Published on 14th March 2017 Last Updated on: November 4, 2021

For years, people have debated what the difference between the product manager and the product owner role is, if the roles can coexist or not, and which one should be used. This article shares my thoughts on the topic and reflects on the origin of the product owner role.

What?

As you might know, the product owner role originated in Scrum, where the product owner is responsible for “maximising the value of the product …” [1] This sounds like a text-book product management responsibility to me. Nevertheless, the product owner is often regarded as a tactical role tasked with managing the product backlog, detailing requirements, and interacting with the development team. How come?

There are two major reasons for this misunderstanding: The nature of Scrum and the use of the role in SAFe, which is a popular agile scaling framework. Scrum as a simple framework focused on helping teams develop complex products. It is not a product management framework. Consequently, it does not cover common product management practices, such as, product strategy development, product roadmapping, business modelling and financial forecasting; and the only product management tool it offers is the product backlog.

Additionally, SAFe uses a product owner role which is different from the Scrum product owner. The latter has full-stack product ownership: The individual owns all aspects of a product, the vision, strategy, and tactics. But the SAFe product owner owns only the tactical product decisions and hence has partial ownership. Consequently, the role is complemented by a SAFe product manager who is outward-facing and makes the strategic product decisions, as shown in the picture below. Splitting product ownership in this way is a common scaling technique. But calling the tactical role “product owner,” as SAFe does, is an unfortunate mistake: Having two product owner roles with different levels of authority and responsibility creates confusion and gives rise to misunderstandings.

Scrum Product Owner vs. SAFe Product Owner
Scrum vs. SAFe Product Owner

Note that I have always viewed the Scrum product owner as an agile product manager. I would hence not agree with the notion that the product manager role is only outward-facing and strategic in nature. Traditionally, product managers were responsible for strategic and tactical decisions, for example, creating a product roadmap and a requirements specification.


So What?

So why did Scrum introduce the product owner role in the first place? Why didn’t the framework use the term product manager? An early version of Scrum did, in fact, use the product manager role. In a paper presented at the OOPSLA conference in 1995, Ken Schwaber who is one of the creators of Scrum and the individual who mainly coined the Scrum terms, used the term product manager. [2] Subsequently, the name was changed to product owner, though. Here are three reasons for this change:

First, when Scrum was developed in the 1990ies, product management was different from what it is today. Product managers used to do the upfront market research, product planning, and requirements definition work. They would then hand off a requirements specification to a project manager who would work with development and test to deliver the product. The product manager would return only to issue change requests or help with the product launch. This is in stark contrast to how things are done in an agile context, where product people are required to collaborate with development teams on an ongoing basis—without neglecting the users and the internal stakeholders.
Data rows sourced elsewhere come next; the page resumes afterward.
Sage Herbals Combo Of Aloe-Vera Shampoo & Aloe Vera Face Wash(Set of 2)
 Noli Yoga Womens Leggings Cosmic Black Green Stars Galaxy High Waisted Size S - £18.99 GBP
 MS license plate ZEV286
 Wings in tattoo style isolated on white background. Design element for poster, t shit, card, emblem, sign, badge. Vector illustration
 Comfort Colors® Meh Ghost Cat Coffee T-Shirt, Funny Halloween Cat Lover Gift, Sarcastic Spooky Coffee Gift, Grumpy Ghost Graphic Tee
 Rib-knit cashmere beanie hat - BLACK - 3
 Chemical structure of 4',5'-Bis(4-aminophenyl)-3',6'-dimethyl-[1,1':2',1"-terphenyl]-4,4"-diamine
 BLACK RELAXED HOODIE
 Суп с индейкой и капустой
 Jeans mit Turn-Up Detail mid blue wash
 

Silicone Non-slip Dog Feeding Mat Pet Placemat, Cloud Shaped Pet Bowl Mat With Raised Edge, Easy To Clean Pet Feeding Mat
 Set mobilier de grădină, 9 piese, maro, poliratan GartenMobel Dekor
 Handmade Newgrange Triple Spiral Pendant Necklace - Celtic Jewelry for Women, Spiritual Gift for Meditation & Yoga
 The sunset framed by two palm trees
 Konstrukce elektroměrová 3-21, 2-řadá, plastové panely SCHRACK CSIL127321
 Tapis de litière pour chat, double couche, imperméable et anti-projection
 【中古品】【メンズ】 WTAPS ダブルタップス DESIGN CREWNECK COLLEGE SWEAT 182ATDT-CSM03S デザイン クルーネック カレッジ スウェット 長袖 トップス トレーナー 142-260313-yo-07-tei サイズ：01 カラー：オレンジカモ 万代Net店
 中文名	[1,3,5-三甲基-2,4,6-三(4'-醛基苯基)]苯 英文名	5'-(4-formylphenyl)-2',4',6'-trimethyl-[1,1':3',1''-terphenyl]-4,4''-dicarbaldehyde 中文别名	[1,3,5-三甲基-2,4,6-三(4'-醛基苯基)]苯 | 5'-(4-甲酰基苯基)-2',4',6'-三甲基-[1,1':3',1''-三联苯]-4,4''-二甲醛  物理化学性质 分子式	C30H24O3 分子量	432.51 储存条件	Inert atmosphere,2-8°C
Secondly, Scrum is applied outside the realm of product development and commercial software products. Many organisations that have adopted Scrum like banks, retailers, and media companies traditionally don’t have a product management group and hence don’t employ any product managers. But they do use digital products that either help market and sell their revenue-generating offerings, such as an online banking app, or they develop internal software assets that are used to automate business processes, increase productivity, and reduce cost.

By offering the product owner role, these organisations can start working in an agile way without first having to establish a product management group and initiate an organisational change process. Instead, employees from the appropriate business units can—with some training and coaching—act as product owners. (In the long run, however, establishing a product management function may well be beneficial, as I discuss in my post Five Tips for Introducing Product Management to Your Company.)

Last but not least, the term product owner strengthens the idea that the person in charge of the product must be empowered and respected. [3] This is particularly important in an agile context where collaboration is valued, and development team members and stakeholders frequently contribute to product decisions, for example, by discussing the latest product increment in the sprint review meeting. If no agreement can be reached, the product owner makes the necessary decision thereby avoiding a deadlock where people potentially argue for hours and days instead of running an experiment to test an idea.


Now What?

So where does this leave us? My hope is that we will move past the divisive product manager-product owner debate and stop labelling people. I have worked with organisations where the product managers were desperate to be become hip agile product owners, and I’ve experienced the opposite where product owners could not wait to become product managers to finally take charge of the strategic product decisions. I, for one, have decided to follow Rich Mirnov’s lead and prefer to use the term product people. [4]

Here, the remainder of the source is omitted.